Spectral Toolkit of Algorithms for Graphs: Technical Report (2)
Peter Macgregor, He Sun
TL;DR
STAG 2.0 extends the open-source graph-analysis toolkit with three scalable components: Euclidean Locality Sensitive Hashing for approximate nearest neighbors, CKNS-based Gaussian Kernel Density Estimation for fast density queries, and an MS-based fast spectral clustering pipeline. The report provides a comprehensive user guide, practical API descriptions, and demonstrations that highlight how CKNS KDE enables efficient similarity graph construction and scalable clustering on large datasets.

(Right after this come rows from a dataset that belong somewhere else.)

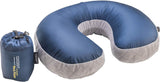 Oreiller cervical en duvet Cocoon Oreiller cervical en forme de U - 38X27X11Cm Oreillers orthopédiques cervicaux Naty Shop Titre par défaut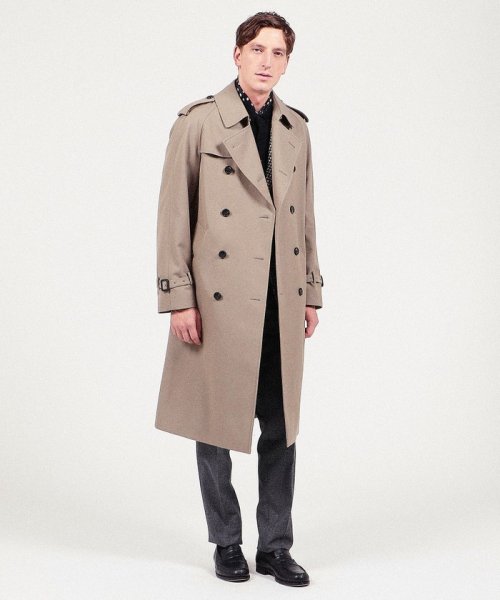 TOMORROWLAND MENS(TOMORROWLAND MENS)/ウールコットンギャバジン トレンチコート Dormeuil TRENCH/img02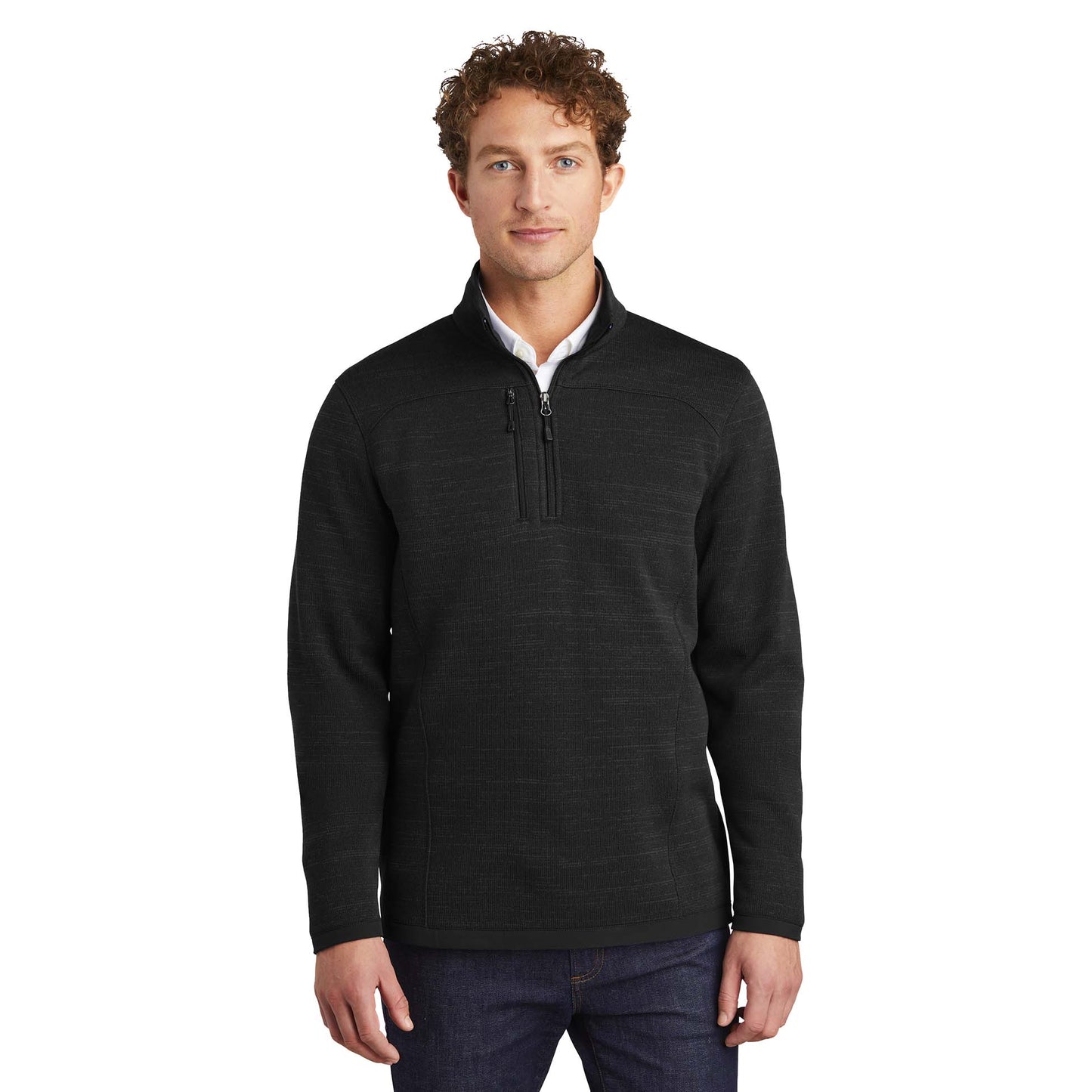 Black Fleece Sweatshirt - Eddie Bauer - Cozy Comfort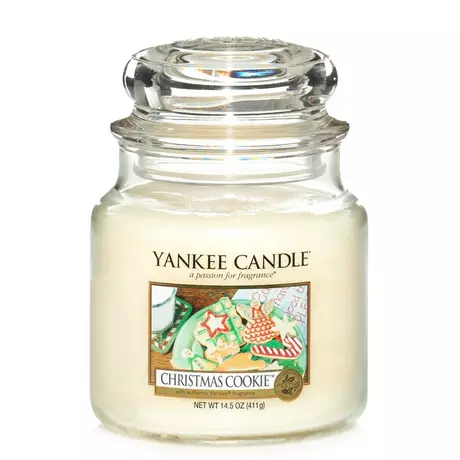 Bougies parfumées Yankee Candle Cookie de Noël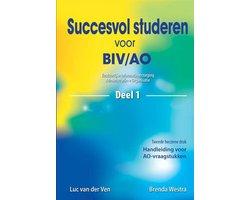 Succesvol studeren  -  Succesvol studeren voor BIV/AO 1, Ophalen of Verzenden, Nieuw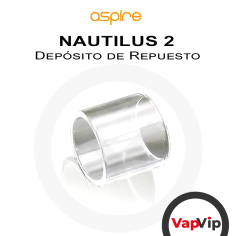Nautilus 2 Replacement Tank Pyrex - Aspire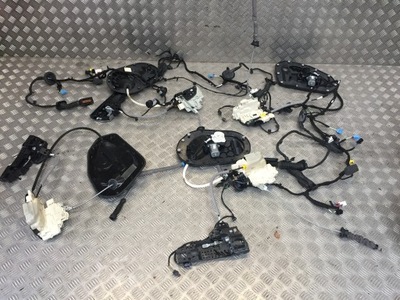 Audi q7 sq7 4m lift доводчики двері доводчик комплект soft close orginal фото №1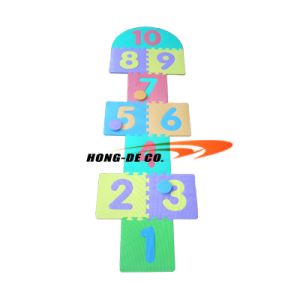 Buy cheap Eva Foam Hopscotch Puzzle Game Mat product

It discusses design decisions, parameter choices, and performance comparisons, illustrating STAG's applicability to large-scale graph-based data analysis in both C++ and Python. The integrated approach reduces the computational burden of traditional fully connected graphs while preserving clustering structure and providing theoretical guarantees where applicable.
Abstract
Spectral Toolkit of Algorithms for Graphs (STAG) is an open-source library for efficient graph algorithms. This technical report presents the newly implemented component on locality sensitive hashing, kernel density estimation, and fast spectral clustering. The report includes a user's guide to the newly implemented algorithms, experiments and demonstrations of the new functionality, and several technical considerations behind our development.